Average Topic Exclusivity: 0.04999999993320191


- **Average Topic Exclusivity (0.05):** This score suggests that the topics generated by the model have a relatively low level of exclusivity. In other words, the words within the topics are not highly distinctive and might be shared across multiple topics. This could indicate that the model struggles to create highly distinct and focused topics.

- **Topic Diversity (KL Divergence) (0.527):** Topic diversity, as measured by KL Divergence, indicates the degree of dissimilarity between topics. A score of 0.527 suggests that the topics are somewhat diverse but not highly distinct from each other. This means that there is room for improvement in terms of making the topics more unique and dissimilar.

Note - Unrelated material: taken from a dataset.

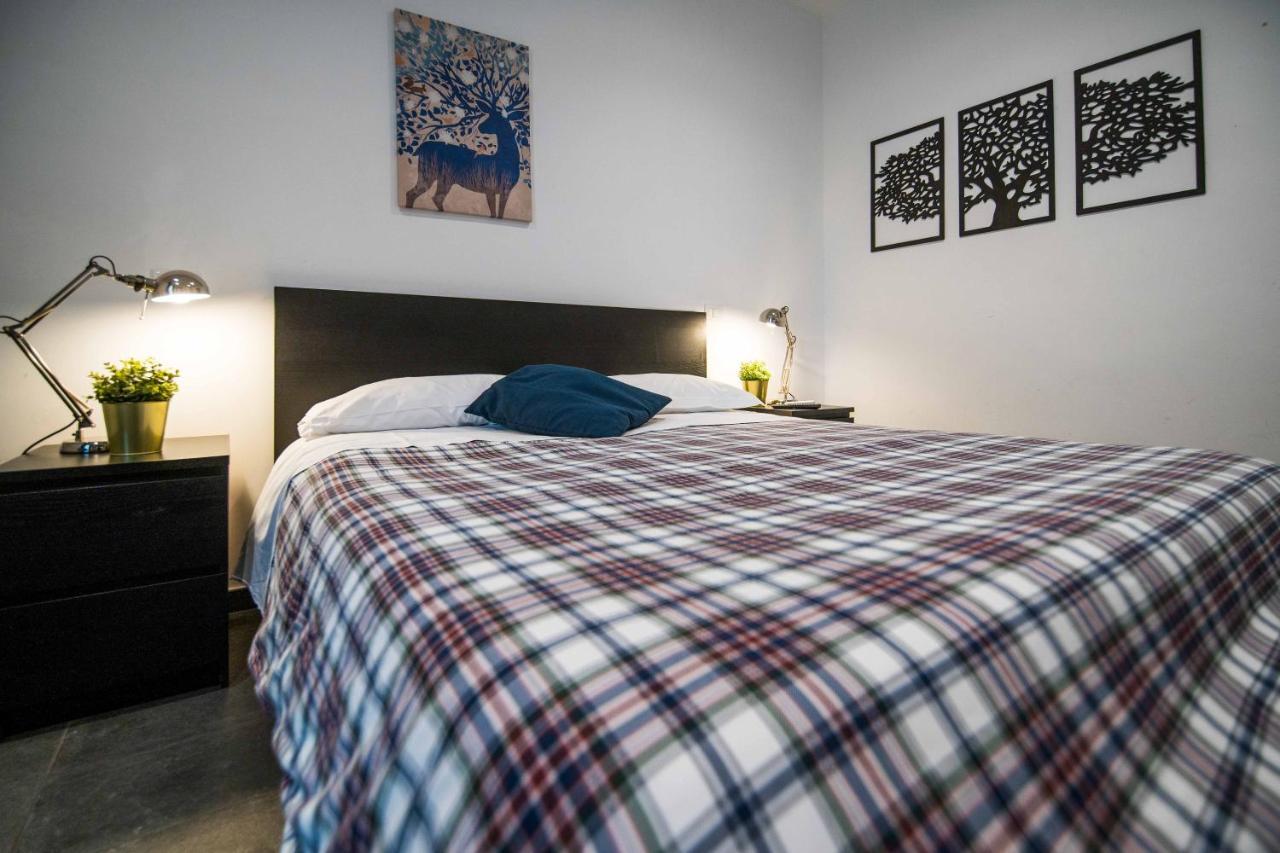 Qu4Ttro I Quattro Briganti Bed & Breakfast Salerno Bagian luar foto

- **Coherence Score (0.694):** The coherence score measures how semantically related the top words within each topic are. A score of 0.694 indicates moderate coherence, implying that the top words in each topic have some meaningful connection, but there is still room for improvement to make the topics more coherent and interpretable.

In summary, the scores collectively suggest that the topic modeling algorithm, as represented by these scores, may need further refinement. The topics generated have low exclusivity, moderate diversity, and moderate coherence. Enhancements to the model's parameters or preprocessing steps could lead to more distinct, diverse, and coherent topics, resulting in a more effective representation of the underlying structure in the text data.